Advisors · Startups

What is the best way to include an advisor in the capital of a startup?

Anton Yakovlev Founder of four successful businesses on two continents who can help you do the same

October 18th, 2015

Plainmark needs to include a couple of advisors. What are the best practices to give them their shares? A stock option? Common stock? Some other way? 
You’re ready to turn your idea into a business. But how do you protect it from competitors and copycats? In this course, an experienced patent attorney explains the different types of legal protections to help you determine which is best for your business.

Peter Kestenbaum Advisor, Investor, Mentor to Emerging firms

October 18th, 2015

Stock vested over a period of time is the legacy approach..  A half to one percent has been traditional.
If the advisor has a very specific role.. Say you have a software package applicable to wall street and he is a retired svp for Citibank you should tie a success fee to performance.     Upon the advisor helping you secure an order exceeding x from one of the following named firms he is entitled to.....
Other approaches used has been allowing advisors to invoice you but payable only upon certain milestone schedules such as an institutional investment or revenue.  Just a token such as a maxof 2% of any investment over 250k.  A method to save cash that I once used was allowing my invoice for services to be credited into the founders original convertible note.  No cash out of his pocket, upside for me, and accelerated vesting of sorts.

In all these the key is to have the advisor invested in the success of the firm on one side and the ability of the founder to separate if it makes sense

Hope that helps

Peter Johnston Businesses are composed of pixels, bytes & atoms. All 3 change constantly. I make that change +ve.

October 21st, 2015

It is very tempting to give away equity. WHen you have a startup it seems like worthless paper - after all 10% of a company worth a few thousand dollars is a lot less money than paying them - right?

But think of your unicorn. 10% of a billion dollars is 100 million. Is their advice worth that. Because you are tied to that valuation for ever.

Be more pragmatic. Think about what motivates them. For some it will be money, for more it will be about helping people, making a difference - or perhaps they are just engaged in the problem being solved.

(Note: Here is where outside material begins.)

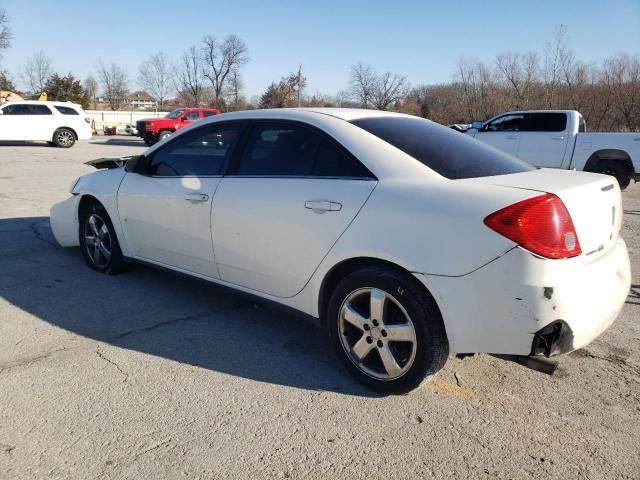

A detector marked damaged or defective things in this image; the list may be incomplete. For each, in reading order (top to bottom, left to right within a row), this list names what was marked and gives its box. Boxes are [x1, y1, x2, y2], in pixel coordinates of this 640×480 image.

pavement crack [95, 348, 128, 382]
cracked pavement [1, 136, 640, 480]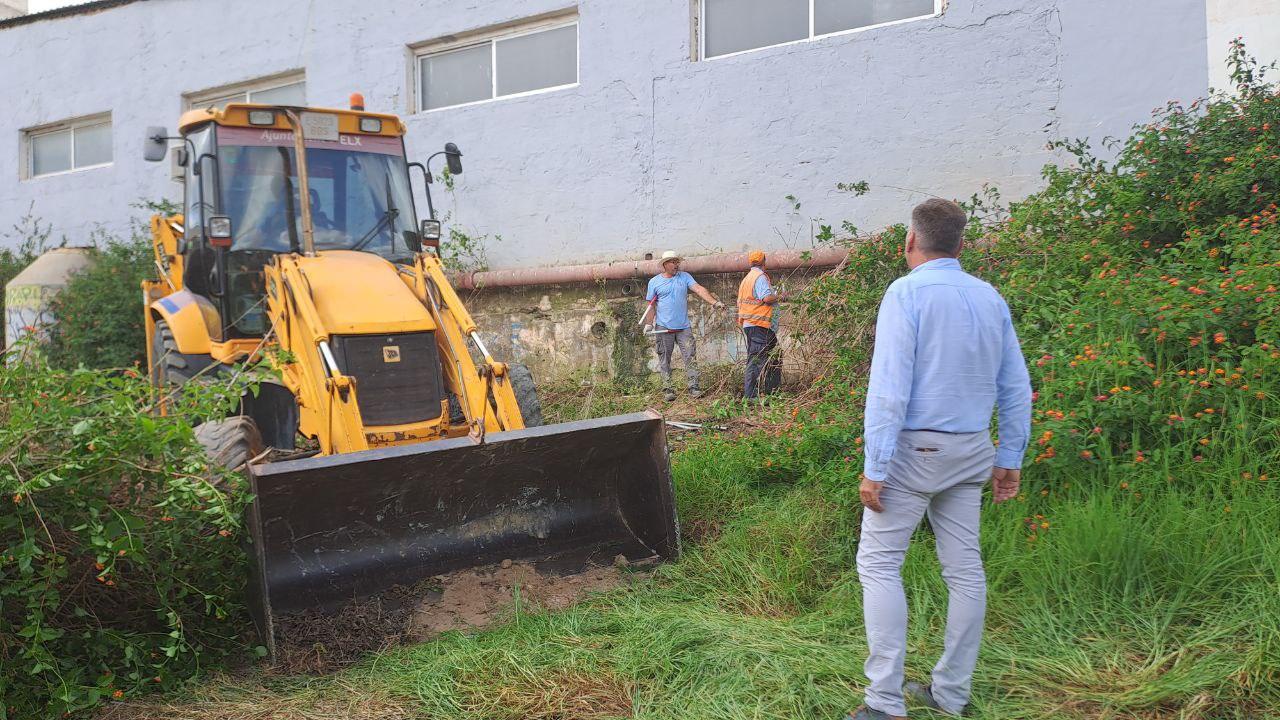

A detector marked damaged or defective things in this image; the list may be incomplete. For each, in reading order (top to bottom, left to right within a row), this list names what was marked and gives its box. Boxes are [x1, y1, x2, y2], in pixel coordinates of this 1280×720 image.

I see it like a present. Stock options are like the gift voucher - little thought behind it and it takes a lot of money, but isn't seen as having that much value. Put some thought into the present and you'll get more engagement, more perceived value and a real shared sense of purpose.

Brett Fox Respected, Results-Oriented CEO, Entrepreneur, Author, and Coach

October 18th, 2015

Advisors should be given stock options vesting over a four or five year time period with no cliff.  In other words advisors should vest 1/48th or 1/60th of their options every month.

This is pretty standard, and this is what I have previously done.

Steven Rahseparian Founder & Chief Executive Officer at Secured Universe

October 18th, 2015

0.10% - 1.00% common stock grant vesting over 24 months.  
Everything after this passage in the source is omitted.